Going forward, will both dumps continue to be supported? Or will the XML dump be phased out and only the JSON dump remain? Or are these plans still to be determined based on upcoming changes to the dumping infrastructure as per https://phabricator.wikimedia.org/T88728?
If the JSON dump is to be the sole data format, is there any way to address the following omissions?

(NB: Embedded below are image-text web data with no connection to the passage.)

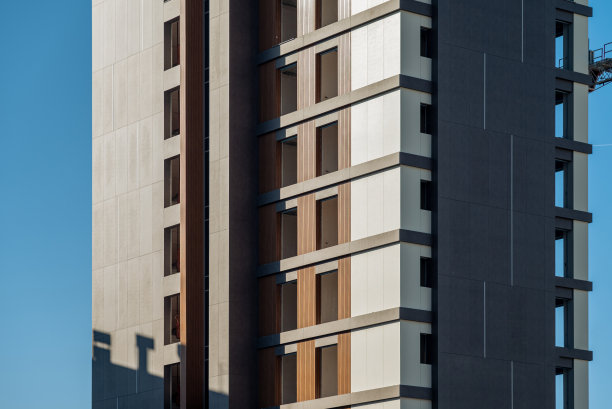 新建公寓建筑，外立面装饰涂料图片下载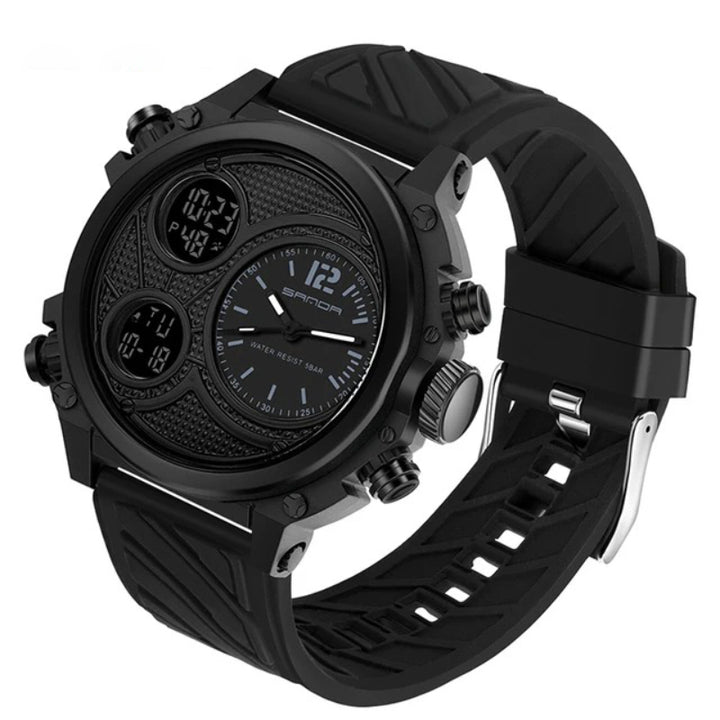 Multi-time Zone Dial Luminous Silicone Strap Watches for Men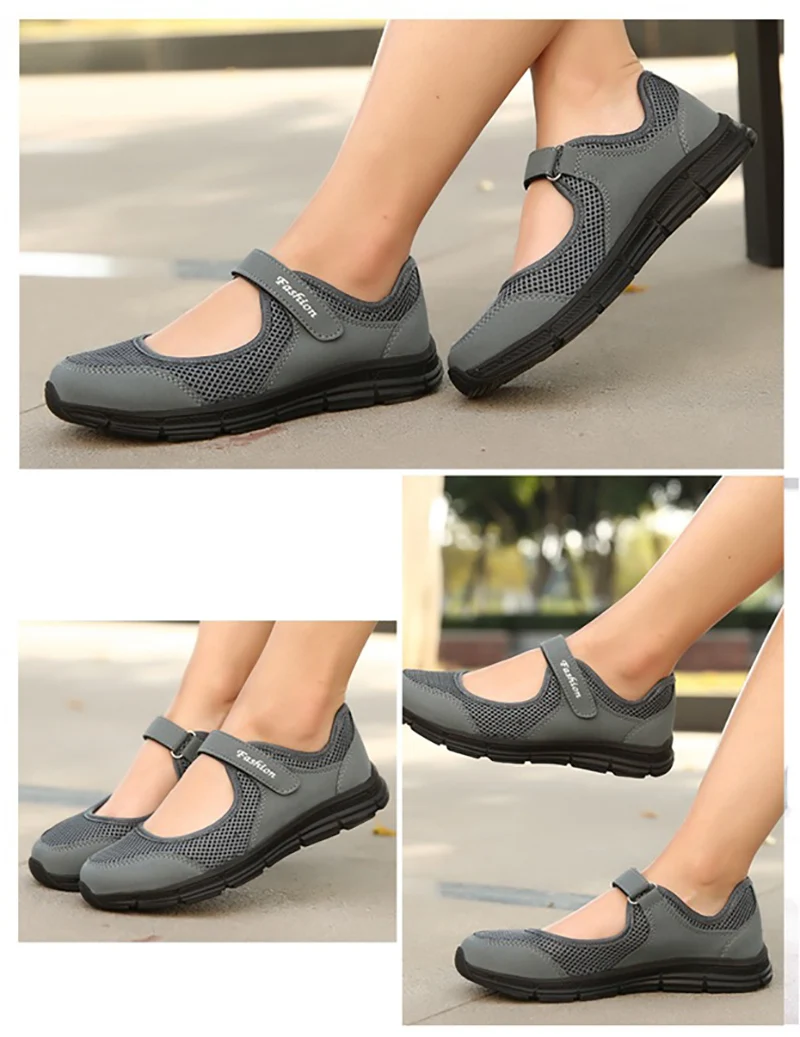 Summer Women Flats platform Shoes Mary Jane Shallow Shoes Breathable Mesh Ladies Swing Shoes Vintage Sneakers Plus Size
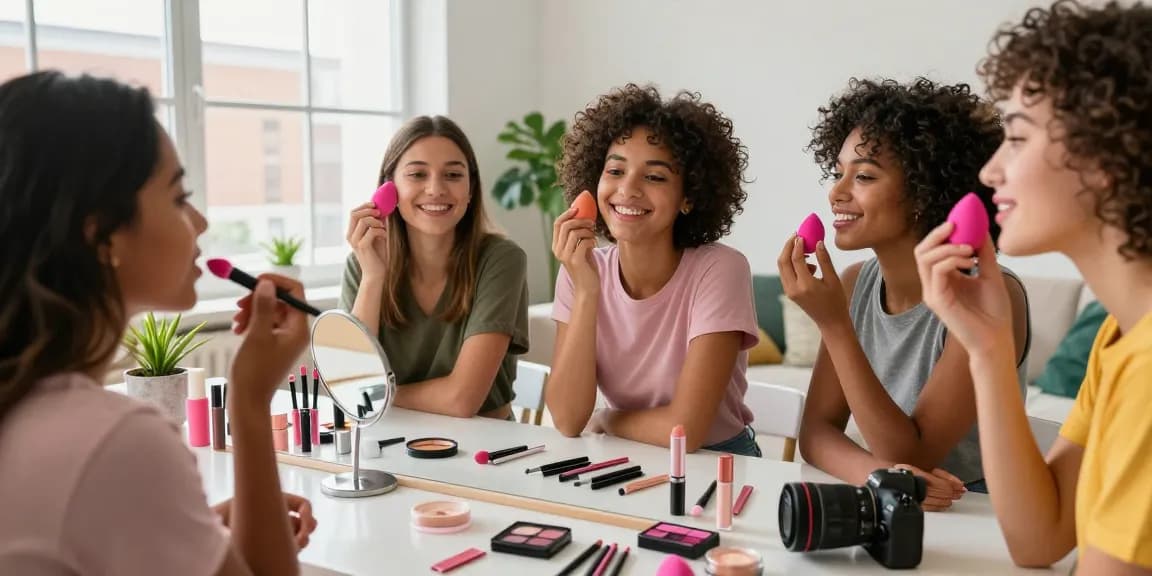 Friends using a silicone beauty blender for a flawless makeup finish in a bright modern apartment.
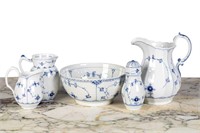 FIVE PCS ROYAL COPENHAGEN BLUE FLUTED PORCELAIN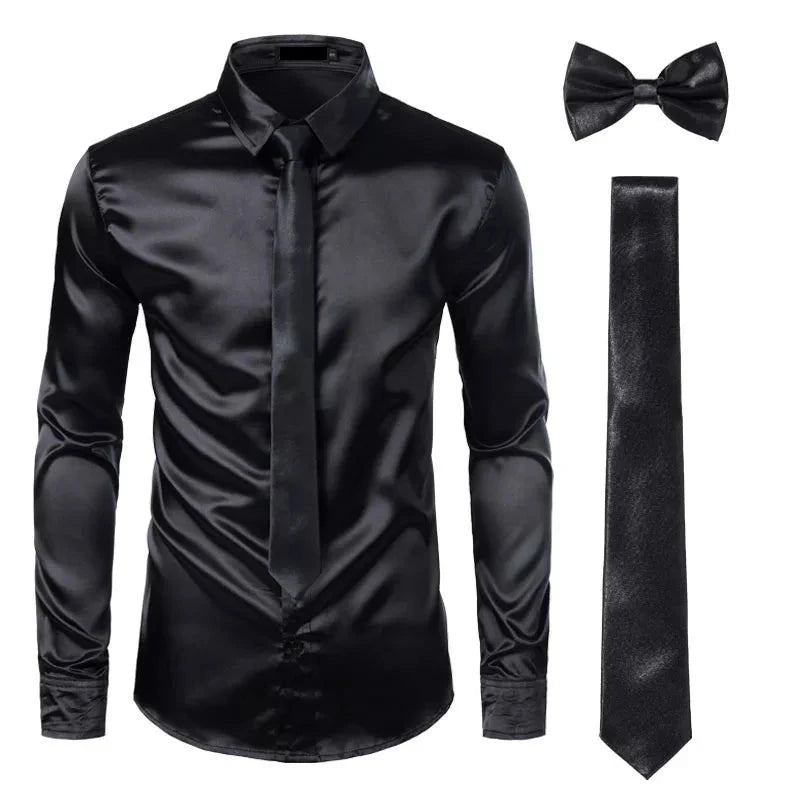 Men's Black Silk Dress Shirt Set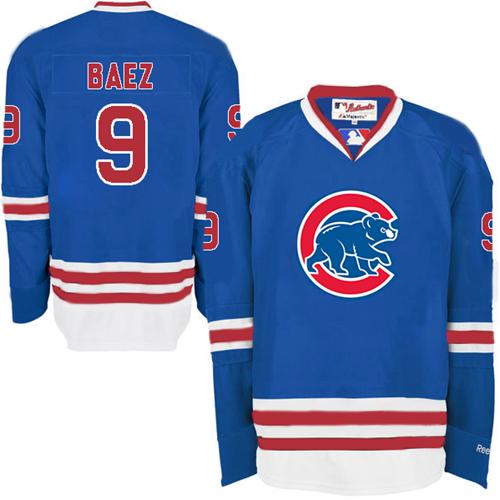 Cubs #9 Javier Baez Blue Long Sleeve Stitched MLB Jersey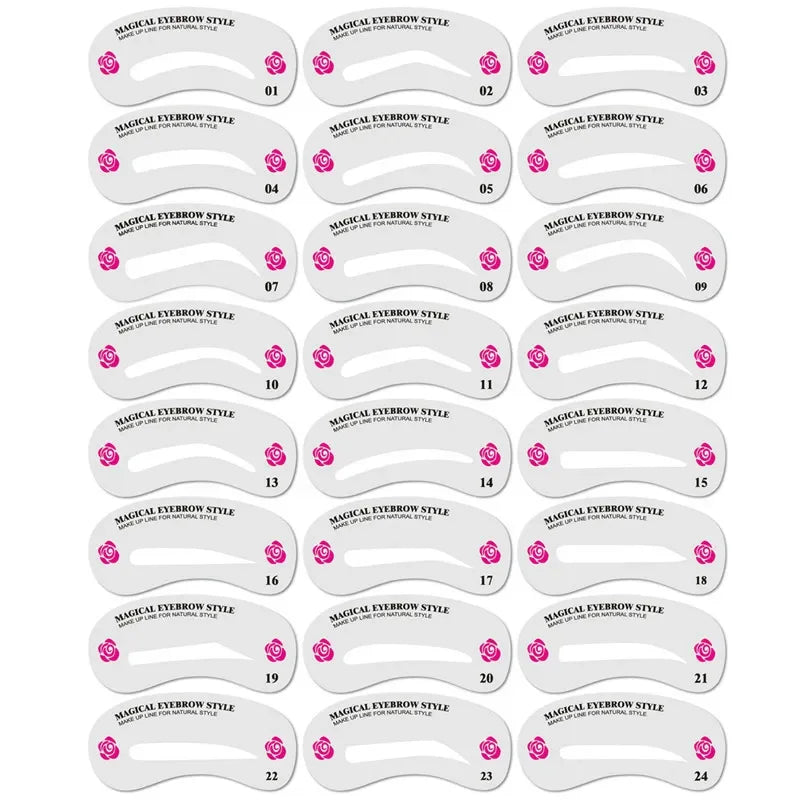 24-Piece Reusable Eyebrow Stencil Kit | DIY Brow Templates Eyebrow Stencil Kit QXL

* '''Non-JSON pages not available''': The JSON dump only provides JSON content-type pages in the main and property namespaces. Pages in other namespaces are not available, including the Main Page. For example, here are the counts from the 2015-03-30 dump
id name count ---- ------------ ----- 4 Wikidata 10280 8 MediaWiki 2244 10 Template 4701 12 Help 779 14 Category 3073 828 Module 175 1198 Translations 83524
* '''Page metadata not available''' : For the JSON pages, the page_touched and page_id is not available. * '''Other tables not provided''': Other tables are not provided, notably categorylinks and page_props
Thanks in advance for any information.